The parent section includes 11 videos of real families, all thoughtful, honest, and positive. I only cringe when we are told that a little boy is being taught to make eye contact. (I’m of the camp that believes forcing eye contact hinders autists’ efforts to interact and serves only to mollify my discomfort.) But people who know me know that a single, tiny cringe from a whole series constitutes a major endorsement. The series includes a laudably diverse group of young children with autism, both in ethnic terms and in terms of their autistic expression. Some of the children are verbal and one communicates exclusively through a tablet and gestures. All of the families include siblings, and I love the commentaries and images of the sibs as they interact with their autistic brothers and sisters. None of these children express pity or shame; they love their sibs, describe matter-of-factly how they communicate together, explain what their sib’s stimming manifests, and emphasize how they love and enjoy time as a family. Several of the videos include a muppet who asks questions about how to engage the child with autism. The advice, from “It’s just hard for her to talk when she’s swinging,” to “Sometimes he needs to take a break from other people,” to “Everybody likes to play chase” is spot on.

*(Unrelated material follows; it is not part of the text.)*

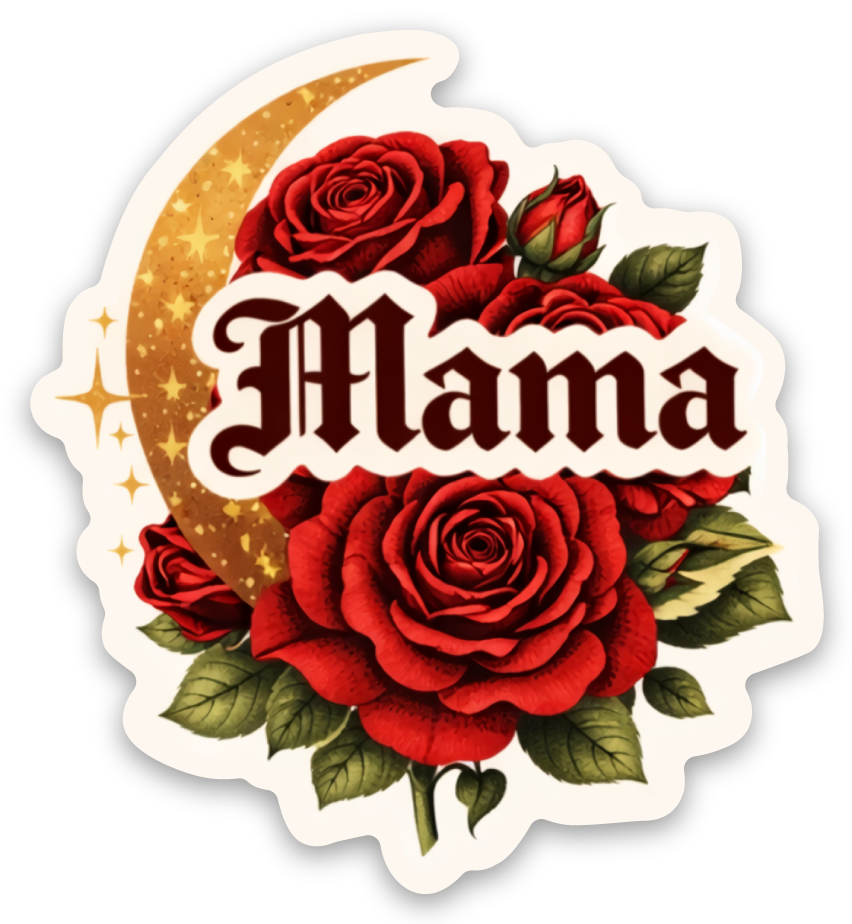 Amber Moon Boutique Moon Mama  Sticker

These videos do not sugarcoat the experience of parenting a child with special needs. The parents talk about exhaustion, stress, and the pain of realizing experiences shared with the child will not include expected activities such as learning to play baseball. They talk about the need to learn patience, and the times when “I totally lost my cool.” Their observations, their pain, their determination, and their pride resonate deeply with me.
One pleasant surprise was the producers’ choice to include interview scenes addressing a particularly touchy topic: the parenting dynamic between spouses in a family with a special-needs child. Every one of the videos follows a two-parent, heterosexual, nuclear family. Two of the segments interview fathers, while one interviews a mother. Both fathers are deeply involved with their children, but both admit that their wives manage the bulk of the child rearing, particularly for the child with special needs. The mother interviewed in the third clip affirms this perception of her and her husband’s roles.
In my experience and observation of two-parent households, this dynamic holds about 95 percent of the time. When there is a child with special needs, mom usually receives the phone calls from school, schedules the doctor appointments, and soothes the meltdowns. Dad (in the best situations) provides support and respite for mom. If both parents contributed to income generation before the child was born, it is the mother who usually cuts back on her work outside the home if the family’s resources allow.
I find it easy, even reflexive, to resent this unequal division of parenting stress. He has no idea what I deal with all day! But in my calmer moments I understand that my husband’s less in-the-moment experience can serve a beneficial purpose (as, of course, does the income he provides). The mother in Sesame Street’s interview acknowledges it too, and I’d like to call attention to it: “I’m the one who typically does everything special-needs related. While I’m in it and I’m kinda seeing all of these different things, my husband sees the big picture and he’s able to say, ‘Hey, I think you’re doing too much. Like I think you need to let [our son] do this by himself.’ And when I do listen to him, he’s usually right.”
Many parents do not have the benefit of a spouse who is equally, though differently, invested in the child. However, every caregiver can find sources of support who do not need to act and respond at every moment, sources of support who watch our dynamic with our children as closely as we watch our children. We need these people and we need to allow ourselves to hear what they say. Ultimately we may disagree with their suggestions, but allowing ourselves to be vulnerable enough to admit that another perspective about our child and our child rearing exists only benefits our kids. It also relieves us of the burden of having to be right all the time. We are loath to admit our shortcomings, especially because parenting a child with special needs so easily becomes an identity. We create a protective bubble around our child and ourselves. I’ve been there, and I still go there at times. But I do not believe any of us have to be as alone with this challenge or adventure as we sometimes feel. The benefits of allowing support seem obvious; the biggest downside, I think, is that we have to expose our own imperfections. It can be terrifying for sure, but it can also be so liberating. Watch the videos.